Details
Description
Hi Colleagues,
We have an interesting bug in the camel-quartz2 where the firenow doesn't work consistently.
it works sometimes and sometimes it doesn't. On debug i found that the problem occurs when Scheduler starts it invokes CamleJob, CamleJob starts executing and tries to read from getProcessors() method of LoadBalancerSupport class. sometimes getProcessors() method returns empty list as a result routes doesn't get executed.
StartupListener (QuartzComponent) gets notified much before the QuartzConsumer starts, as a result it is not able to get the List<Processor> from getProcessors() method of LoadBalancerSupport class.
Analysis of the problem
--------------------------------------------------------------------------------------------------
- DefaultCamelContext method safelyStartRouteServices() notifies QuartzComponent's onCamelContextStarted() method.
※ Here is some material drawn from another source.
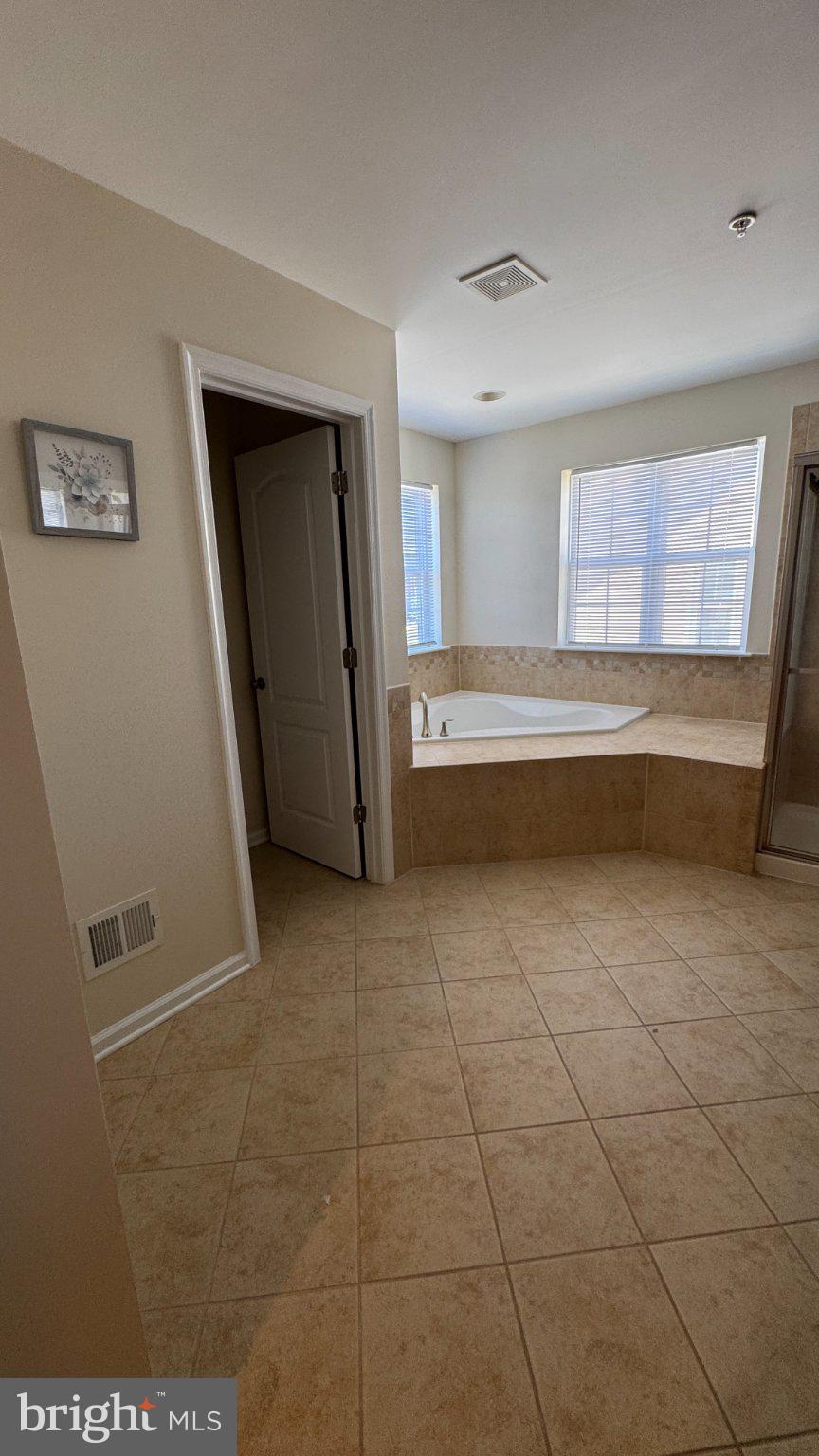 ST. CHARLES, GLENEAGLES SOUTH - Residential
- The above step starts the scheduler which then calls execute() method in CamelJob class.
- In the execute() method it invokes getProcessors() method of LoadBalancerSupport class to get the List<Processor>.
- Sometimes getProcessors() returns empty list.
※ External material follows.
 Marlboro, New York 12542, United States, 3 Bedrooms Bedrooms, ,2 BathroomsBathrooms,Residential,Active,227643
- The reason is List<Processor> in LoadBalancerSupport class is populated by QuartzConsumer on start of consumer. but it is started after QuartzComponent's onCamelContextStarted() method is called in DefaultCamelContext.
- When i checked the older version of camel which we are using in our organization 2.17.0 i see the order is different.
- Consumer starts first then the classes that implements StartupListener.
To Summarize
-------------------------------------------------------------------------------------------------------
- The order in which StartupListener and Consumer is started in DefaultCamelContext is causing race condition.
- The older version of camel 2.17.0 order is first Consumer starts followed by classes that implement StartupListener
I have attached the junit with quartz2, since it is intermittent issue, i made the junit to run 1000 times and it fails randomly which proves existence of the problem.
I have also attached by proposed solution in DefaultCamelContext in the attachment.